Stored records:
══════

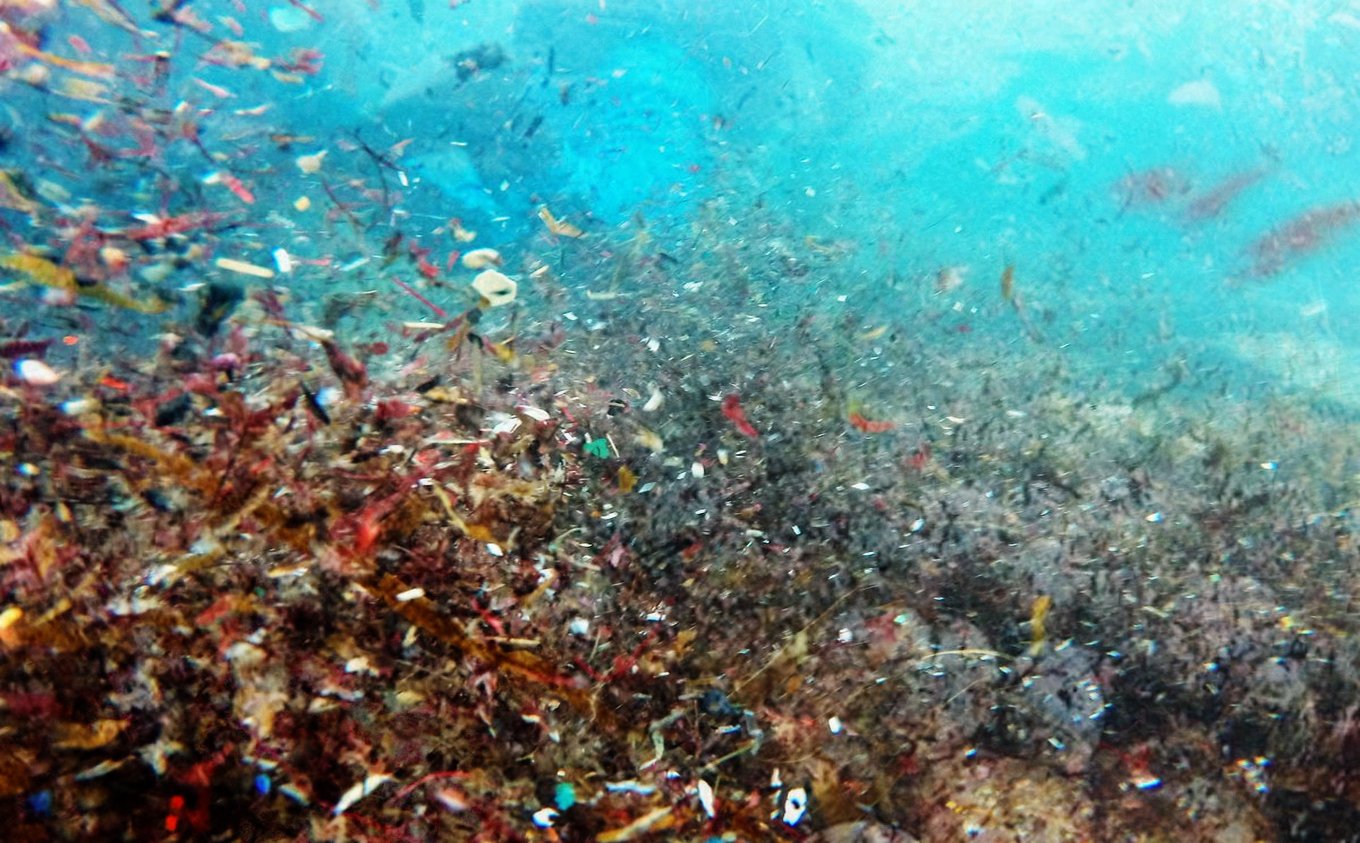 Τι είναι τα μικροπλαστικά, και πόσο επικίνδυνα είναι για τις θαλασσές μας;  - NewsTube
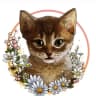 Telegram-канал Dari_dobro_cat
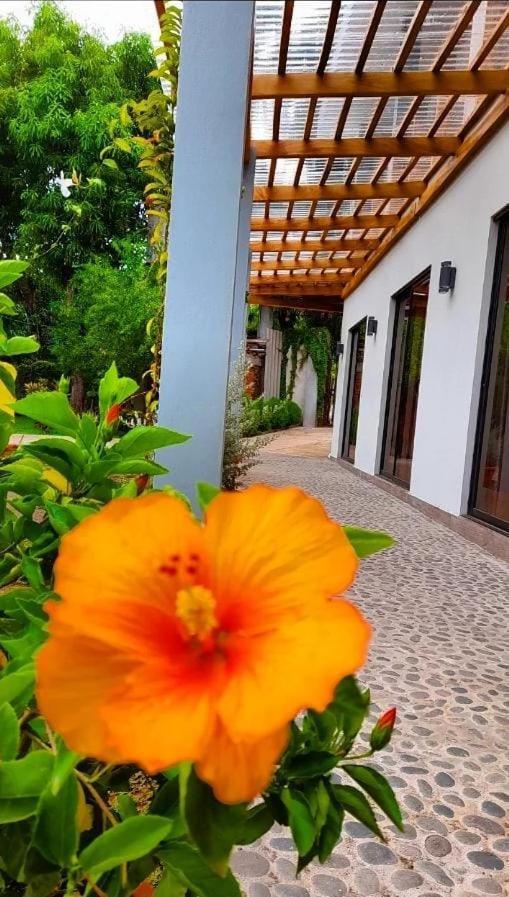 Hotel El Viajero La Libertad Bagian luar foto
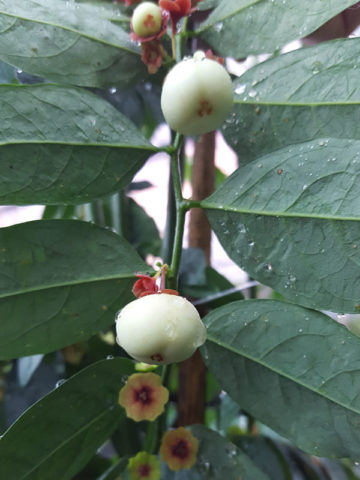 Alternative view of Variegated Katuk Sweet Leaf Plant (sauropus androgynus)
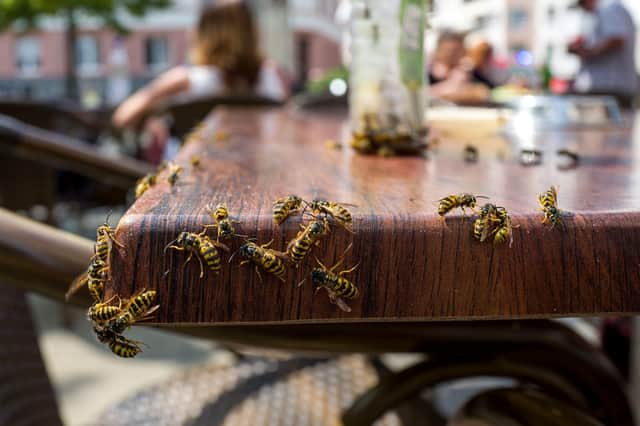 Every year, wasps become a nuisance in public spaces and outdoor areas such as beer gardens and play areas – which get busier in warmer weather.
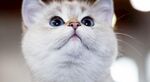 猫猫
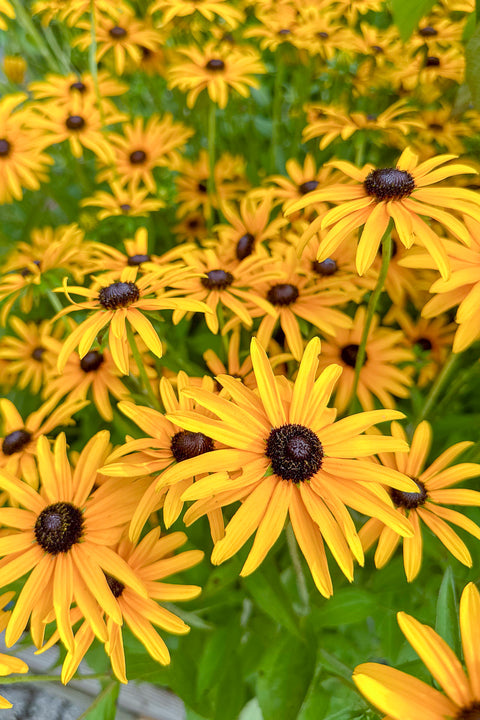 Black-Eyed Susan, Deam's Rudbeckia fulgida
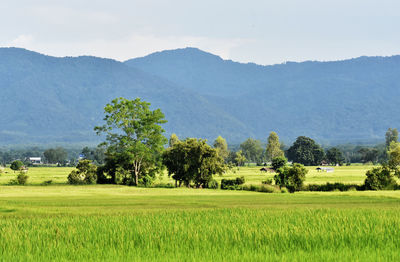 Scenic view of agricultural field against sky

══════

Problem details = Return the records word for word, leaving every picture out of the copy.

The completed task =
 Τι είναι τα μικροπλαστικά, και πόσο επικίνδυνα είναι για τις θαλασσές μας;  - NewsTube
 Telegram-канал Dari_dobro_cat
 Hotel El Viajero La Libertad Bagian luar foto
 Alternative view of Variegated Katuk Sweet Leaf Plant (sauropus androgynus)
 Every year, wasps become a nuisance in public spaces and outdoor areas such as beer gardens and play areas – which get busier in warmer weather.
 猫猫
 Black-Eyed Susan, Deam's Rudbeckia fulgida
 Scenic view of agricultural field against sky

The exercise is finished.